This is an action to annul and set aside an apportionment and assessment. The complaint alleges certain facts showing that the *321assessment is void; alleges that it is a clond on plaintiffs’ title, and, further, that the invalidity arising on these facts does not appear in said statement and apportionment and will not necessarily appear in any proceeding to enforce the same. The answer, at some detail, sets forth the action of the defendants in making the assessment and apportionment, and avers that the proceedings have been regular and valid. It does not aver that the facts on which the invalidity is based, as stated in the plaintiffs’ complaint, do appear in the statement and will necessarily appear in any proceeding to enforce the same.

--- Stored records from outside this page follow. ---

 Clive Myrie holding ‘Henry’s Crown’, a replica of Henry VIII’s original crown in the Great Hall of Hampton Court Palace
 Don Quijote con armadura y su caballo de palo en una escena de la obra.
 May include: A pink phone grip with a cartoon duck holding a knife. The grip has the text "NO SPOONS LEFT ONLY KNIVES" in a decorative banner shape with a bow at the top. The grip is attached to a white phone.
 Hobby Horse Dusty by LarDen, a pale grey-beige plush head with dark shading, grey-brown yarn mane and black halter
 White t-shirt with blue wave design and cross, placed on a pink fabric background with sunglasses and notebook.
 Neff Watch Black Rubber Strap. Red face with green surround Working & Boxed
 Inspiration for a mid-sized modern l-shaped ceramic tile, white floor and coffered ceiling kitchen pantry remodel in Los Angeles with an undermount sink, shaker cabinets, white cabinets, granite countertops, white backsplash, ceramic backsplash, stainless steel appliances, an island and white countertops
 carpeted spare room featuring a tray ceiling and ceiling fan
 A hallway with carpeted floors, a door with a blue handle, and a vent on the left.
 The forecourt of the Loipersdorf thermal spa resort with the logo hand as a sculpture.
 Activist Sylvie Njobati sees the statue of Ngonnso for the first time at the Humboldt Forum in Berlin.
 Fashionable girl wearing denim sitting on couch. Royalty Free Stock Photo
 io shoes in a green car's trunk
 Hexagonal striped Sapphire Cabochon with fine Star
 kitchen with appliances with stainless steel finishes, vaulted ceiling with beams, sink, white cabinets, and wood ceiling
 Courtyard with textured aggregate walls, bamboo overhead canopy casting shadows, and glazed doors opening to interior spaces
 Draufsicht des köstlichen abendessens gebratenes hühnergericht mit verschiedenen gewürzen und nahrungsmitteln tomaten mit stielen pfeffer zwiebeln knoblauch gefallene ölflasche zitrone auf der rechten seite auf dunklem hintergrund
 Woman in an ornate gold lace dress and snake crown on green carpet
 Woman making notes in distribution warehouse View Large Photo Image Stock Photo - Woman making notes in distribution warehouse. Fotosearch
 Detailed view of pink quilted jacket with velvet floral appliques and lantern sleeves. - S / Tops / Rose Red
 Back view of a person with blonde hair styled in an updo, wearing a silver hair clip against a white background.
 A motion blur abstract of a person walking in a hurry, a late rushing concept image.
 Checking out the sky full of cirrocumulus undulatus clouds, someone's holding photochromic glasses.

The referee found with the plaintiffs that the assessment was invalid, and as it.was admitted in the pleadings that the invalidity would not appear, etc., he directed judgment in their favor. At the close of the evidence the defendants asked leave to amend their answer so as to set up that there was a defect, which was apparent on the face of the assessment, and therefore that the assessment was no cloud upon plaintiffs’ title. The referee ordered that they might so amend on certain terms.
The point now presented by the defendants is, that as the assessment shows on its face that it was invalid this action cannot be maintained. The plaintiffs say that the pleadings admit the contrary and that no such defense is set up in the answer.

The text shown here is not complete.